Condamnés à émigrer au XIXe siècle

Le penchant migrateur des Aveyronnais n'est pas le moindre de leurs paradoxes.

Repliés sur eux-mêmes, vivant parfois hors du temps pour certaines communautés rurales du siècle dernier, les Rouergats pratiquent l'ouverture sur le monde extérieur, et partent loin de leurs villages. Aux côtés de paysans ignorants et analphabètes, on décèle la présence d'une poignée d'éléments dynamiques que l'inconnu ne rebute pas. Le groupe humain n'est peut-être pas si figé qu'on veut bien le dire.

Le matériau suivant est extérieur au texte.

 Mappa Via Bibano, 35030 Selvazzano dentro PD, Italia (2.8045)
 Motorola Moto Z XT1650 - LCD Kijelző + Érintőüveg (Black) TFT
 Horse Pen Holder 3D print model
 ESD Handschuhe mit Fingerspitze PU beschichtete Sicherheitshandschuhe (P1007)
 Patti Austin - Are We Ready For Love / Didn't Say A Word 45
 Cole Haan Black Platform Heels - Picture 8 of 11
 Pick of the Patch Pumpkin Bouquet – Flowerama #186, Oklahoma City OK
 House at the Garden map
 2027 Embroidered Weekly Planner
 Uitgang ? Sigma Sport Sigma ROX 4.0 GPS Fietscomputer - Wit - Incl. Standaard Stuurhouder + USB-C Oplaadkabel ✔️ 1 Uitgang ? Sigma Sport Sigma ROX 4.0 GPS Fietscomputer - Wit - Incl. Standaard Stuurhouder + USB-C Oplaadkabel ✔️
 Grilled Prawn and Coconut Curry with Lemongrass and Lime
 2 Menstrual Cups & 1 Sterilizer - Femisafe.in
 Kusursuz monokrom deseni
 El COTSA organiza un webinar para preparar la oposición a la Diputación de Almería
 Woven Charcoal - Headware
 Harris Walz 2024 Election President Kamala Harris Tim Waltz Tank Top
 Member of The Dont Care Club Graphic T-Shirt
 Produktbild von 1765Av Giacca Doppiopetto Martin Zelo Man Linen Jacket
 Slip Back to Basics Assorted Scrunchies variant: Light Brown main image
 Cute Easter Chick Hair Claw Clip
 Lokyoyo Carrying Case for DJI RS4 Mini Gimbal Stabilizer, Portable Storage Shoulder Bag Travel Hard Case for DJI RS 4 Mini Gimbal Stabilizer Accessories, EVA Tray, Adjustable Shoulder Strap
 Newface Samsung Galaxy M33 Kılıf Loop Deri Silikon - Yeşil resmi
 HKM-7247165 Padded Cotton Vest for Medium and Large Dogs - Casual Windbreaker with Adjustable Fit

Pendant plusieurs siècles, le mouvement migratoire demeure à l'état sporadique, entraînant les plus hardis sur les routes dans le sillage des pèlerins de Saint-Jacques-de-Compostelle pour les colporteurs ou les artisans du Moyen Age, poussant les hommes de peine sur les chemins de l'Espagne pour y accomplir de dures besognes. Les lointains n'attirent alors qu'une minorité - des clercs, des bourgeois, des nobles­ en mission de propagation de la foi, en quête d'aventure ou de fortune à travers le négoce sur les mers et dans les îles. Le départ des voyageurs, des mercenaires, des explorateurs - au XIXe siècle - des jésuites, des marchands protestants de Millau et de Camarès ne constitue qu'un épiphénomène, et contribue très modestement à l'évolution des mentalités.

Dans leur majorité, les -Rouergats sont casaniers jusqu'au début du XIXe siècle, puis les déplacements réguliers prennent de l'ampleur dans les campagnes et commencent à préparer l'exode des années 1875. La communauté perpétue les habitudes prises sous l'Ancien Régime et cherche de plus en plus des ressources d'appoint dont elle ne dispose pas sur place, afin de conserver ses forces vives.